* [Goal of the exercise]: Return all of the lines below exactly as they are.

* [Supplied material]:
○ ○ ○ ○ ○

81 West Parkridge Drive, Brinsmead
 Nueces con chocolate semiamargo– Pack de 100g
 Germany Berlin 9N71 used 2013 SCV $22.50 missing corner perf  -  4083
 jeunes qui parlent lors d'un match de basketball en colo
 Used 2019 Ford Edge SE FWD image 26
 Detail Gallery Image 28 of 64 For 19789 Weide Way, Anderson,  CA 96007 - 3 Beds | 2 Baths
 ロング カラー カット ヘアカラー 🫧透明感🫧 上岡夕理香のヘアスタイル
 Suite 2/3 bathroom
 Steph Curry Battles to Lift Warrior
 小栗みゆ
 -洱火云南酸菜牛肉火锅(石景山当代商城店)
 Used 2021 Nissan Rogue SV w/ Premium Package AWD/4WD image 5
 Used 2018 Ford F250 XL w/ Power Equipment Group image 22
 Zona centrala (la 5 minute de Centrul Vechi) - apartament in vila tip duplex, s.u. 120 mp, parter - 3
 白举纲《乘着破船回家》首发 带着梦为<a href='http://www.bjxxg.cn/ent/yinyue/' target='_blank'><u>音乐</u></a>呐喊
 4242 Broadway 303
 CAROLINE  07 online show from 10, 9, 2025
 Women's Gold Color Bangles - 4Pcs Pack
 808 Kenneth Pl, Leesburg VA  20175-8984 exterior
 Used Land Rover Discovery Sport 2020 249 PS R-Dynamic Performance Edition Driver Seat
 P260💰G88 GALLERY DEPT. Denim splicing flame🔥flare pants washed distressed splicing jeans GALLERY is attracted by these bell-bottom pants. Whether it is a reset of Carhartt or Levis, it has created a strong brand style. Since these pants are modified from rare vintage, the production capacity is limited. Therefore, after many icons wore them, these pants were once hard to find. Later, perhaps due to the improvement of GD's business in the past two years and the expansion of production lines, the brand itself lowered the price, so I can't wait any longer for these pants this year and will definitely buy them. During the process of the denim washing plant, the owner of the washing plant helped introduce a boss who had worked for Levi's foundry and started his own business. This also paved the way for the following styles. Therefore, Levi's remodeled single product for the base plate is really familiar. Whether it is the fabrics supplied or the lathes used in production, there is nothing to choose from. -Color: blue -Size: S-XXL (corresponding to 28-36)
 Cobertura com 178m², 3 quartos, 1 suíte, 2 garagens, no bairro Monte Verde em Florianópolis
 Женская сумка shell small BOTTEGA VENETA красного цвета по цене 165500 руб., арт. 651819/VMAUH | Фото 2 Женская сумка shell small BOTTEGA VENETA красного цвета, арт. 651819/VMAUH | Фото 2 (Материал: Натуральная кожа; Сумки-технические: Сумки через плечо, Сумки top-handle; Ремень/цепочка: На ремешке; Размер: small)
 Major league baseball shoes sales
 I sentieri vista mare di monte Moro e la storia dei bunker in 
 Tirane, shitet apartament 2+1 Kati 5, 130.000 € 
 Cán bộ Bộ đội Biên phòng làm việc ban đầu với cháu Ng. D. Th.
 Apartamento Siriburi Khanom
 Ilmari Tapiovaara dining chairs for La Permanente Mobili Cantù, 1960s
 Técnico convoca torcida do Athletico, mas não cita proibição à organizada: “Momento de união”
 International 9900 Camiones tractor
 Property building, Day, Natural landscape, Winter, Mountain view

○ ○ ○ ○ ○

* [Written answer]:
81 West Parkridge Drive, Brinsmead
 Nueces con chocolate semiamargo– Pack de 100g
 Germany Berlin 9N71 used 2013 SCV $22.50 missing corner perf  -  4083
 jeunes qui parlent lors d'un match de basketball en colo
 Used 2019 Ford Edge SE FWD image 26
 Detail Gallery Image 28 of 64 For 19789 Weide Way, Anderson,  CA 96007 - 3 Beds | 2 Baths
 ロング カラー カット ヘアカラー 🫧透明感🫧 上岡夕理香のヘアスタイル
 Suite 2/3 bathroom
 Steph Curry Battles to Lift Warrior
 小栗みゆ
 -洱火云南酸菜牛肉火锅(石景山当代商城店)
 Used 2021 Nissan Rogue SV w/ Premium Package AWD/4WD image 5
 Used 2018 Ford F250 XL w/ Power Equipment Group image 22
 Zona centrala (la 5 minute de Centrul Vechi) - apartament in vila tip duplex, s.u. 120 mp, parter - 3
 白举纲《乘着破船回家》首发 带着梦为<a href='http://www.bjxxg.cn/ent/yinyue/' target='_blank'><u>音乐</u></a>呐喊
 4242 Broadway 303
 CAROLINE  07 online show from 10, 9, 2025
 Women's Gold Color Bangles - 4Pcs Pack
 808 Kenneth Pl, Leesburg VA  20175-8984 exterior
 Used Land Rover Discovery Sport 2020 249 PS R-Dynamic Performance Edition Driver Seat
 P260💰G88 GALLERY DEPT. Denim splicing flame🔥flare pants washed distressed splicing jeans GALLERY is attracted by these bell-bottom pants. Whether it is a reset of Carhartt or Levis, it has created a strong brand style. Since these pants are modified from rare vintage, the production capacity is limited. Therefore, after many icons wore them, these pants were once hard to find. Later, perhaps due to the improvement of GD's business in the past two years and the expansion of production lines, the brand itself lowered the price, so I can't wait any longer for these pants this year and will definitely buy them. During the process of the denim washing plant, the owner of the washing plant helped introduce a boss who had worked for Levi's foundry and started his own business. This also paved the way for the following styles. Therefore, Levi's remodeled single product for the base plate is really familiar. Whether it is the fabrics supplied or the lathes used in production, there is nothing to choose from. -Color: blue -Size: S-XXL (corresponding to 28-36)
 Cobertura com 178m², 3 quartos, 1 suíte, 2 garagens, no bairro Monte Verde em Florianópolis
 Женская сумка shell small BOTTEGA VENETA красного цвета по цене 165500 руб., арт. 651819/VMAUH | Фото 2 Женская сумка shell small BOTTEGA VENETA красного цвета, арт. 651819/VMAUH | Фото 2 (Материал: Натуральная кожа; Сумки-технические: Сумки через плечо, Сумки top-handle; Ремень/цепочка: На ремешке; Размер: small)
 Major league baseball shoes sales
 I sentieri vista mare di monte Moro e la storia dei bunker in 
 Tirane, shitet apartament 2+1 Kati 5, 130.000 € 
 Cán bộ Bộ đội Biên phòng làm việc ban đầu với cháu Ng. D. Th.
 Apartamento Siriburi Khanom
 Ilmari Tapiovaara dining chairs for La Permanente Mobili Cantù, 1960s
 Técnico convoca torcida do Athletico, mas não cita proibição à organizada: “Momento de união”
 International 9900 Camiones tractor
 Property building, Day, Natural landscape, Winter, Mountain view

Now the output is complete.